Examples 1 through 19 were prepared according to the 4-layer laminate method. Specific constructions and sanding test results are listed in Table 1.

TABLE 1
	Filter-Abrasive
	Laminate	Sanding	Sample	Cut	Retain	Surface	Lost	Capture
Example	L1	L2	L4	Test	Size	(grams)	(grams)	(grams)	(grams)	Percent
1	A2	F1	F10	2	6	3.96	3.67	0.08	0.21	92.6
2	A2	F1	F7	2	13	4.91	4.52	0.14	0.25	92.4
3	A2	F2	F7	2	2	6.36	5.87	0.2	0.28	92.3
4	A3	F1	F7	2	1	5.8	5.35	0.17	0.28	92.2
5	A2	F1	F8	1	7	4.93	4.47	0.12	0.33	91.0
6	A2	F1	F3	2	4	5.2	4.72	0.13	0.35	90.7
7	A2	F1	F5	2	4	5.52	4.97	0.15	0.41	89.8
8	A3	F1	F10	2	1	5.67	5.08	0.2	0.39	89.6
9	A2	F1	F6	2	1	5.74	5.13	0.27	0.34	89.4
10	A2	F1	F3	2	1	5.72	4.89	0.06	0.77	85.5
11	A2	F1	F9	1	4	5.1	4.18	0.26	0.65	82.2
12	A2	F3	F1	2	1	5.57	4.42	0.25	0.9	79.4
13	A2	F1	F11	2	1	6.9	5.46	0.13	1.31	79.1
14	A3	F1	F3	2	1	6.09	4.76	0.31	1.02	78.2
15	A2	F1	F15	2	1	3.26	2.34	0.09	0.83	71.8
16	A2	F1	F14	2	1	6.02	3.87	0.02	2.13	64.3
17	A2	F1	F13	2	1	6.12	3.88	0.19	2.05	63.4
18	A2	F1	F12	2	1	6.68	4.22	0.2	2.26	63.2
19	A3	F3	F1	2	1	6.24	3.54	0.37	2.33	56.7

Examples 20–23

Examples 20–23 were prepared according to the 3-layer laminate method and tested using Sanding Test 2. Specific constructions and sanding test results are listed in Table 2.

TABLE 2
	Filter-Abrasive
	Laminate	Sample	Cut	Retain	Surface	Lost	Capture
Sample	L1	L3	Size	(grams)	(grams)	(grams)	(grams)	(grams)
20	A2	F2	4	6.15	4.36	0.1	1.7	70.9
21	A2	F1	5	6.67	4.07	0.14	2.46	61.4
22	A2	F3	2	5.36	3.97	0.21	1.31	73.8
23	A2	F4	3	5.25	4.21	0.11	0.96	80.2

Examples 24–26

Examples 24–26 were prepared according to the 5-layer laminate method and tested according to Sanding Test 1. Specific constructions and sanding test results are listed in Table 3.

TABLE 3
	Filter-Abrasive
	Laminate	Sample	Cut	Retain	Surface	Lost	Capture
Example	L2	L3	L4	Size	(grams)	(gr)	(grams)	(gr)	Percent
24	F1	AT1	F10	1	3.08	2.79	0.19	0.10	90.6
25	F1	F8	F6	2	5.26	4.94	0.15	0.18	93.7
26	F1	F8	F3	5	4.96	4.52	0.15	0.28	91.2

Comparatives A–F.

Abrasives A1, A3 and A4, without lamination to a filter media were used as Comparatives.
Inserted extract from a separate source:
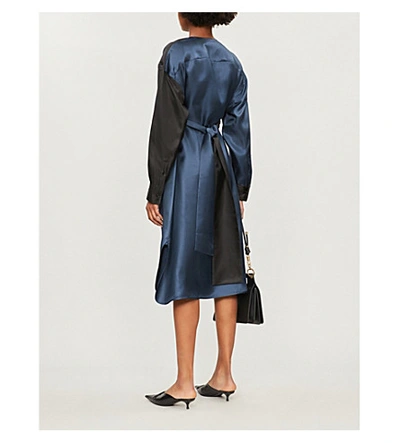 Shop Bottega Veneta Knot-detail Silk Dress In Nero-petrol Blue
Sanding test results for Sanding Test 1 are listed in Table 4.

TABLE 4
		Cut	Retain	Surface	Lost	Capture
Comparative	Abrasive	(grams)	(grams)	(grams)	(grams)	Percent
A	A1	2.92	0.78	0.28	1.88	26.7
B	A1	3.10	0.51	0.20	2.39	16.5
C	A4	5.82	0.47	0.06	5.29	8.1
D	A4	6.37	0.49	0.24	5.64	7.7
E	A3	7.81	0.32	0.18	7.31	4.1
F	A3	7.55	0.30	0.14	7.11	4.0

It is to be understood that even in the numerous characteristics and advantages of the abrasive article of the present disclosure set forth in above description and examples, together with details of the structure and function of the invention, the disclosure is illustrative only. Changes can be made to detail, especially in matters of shape, size and arrangement of the filter media layers and methods of making and using within the principles of the invention to the full extent indicated by the meaning of the terms in which the appended claims are expressed and the equivalents of those structures and methods.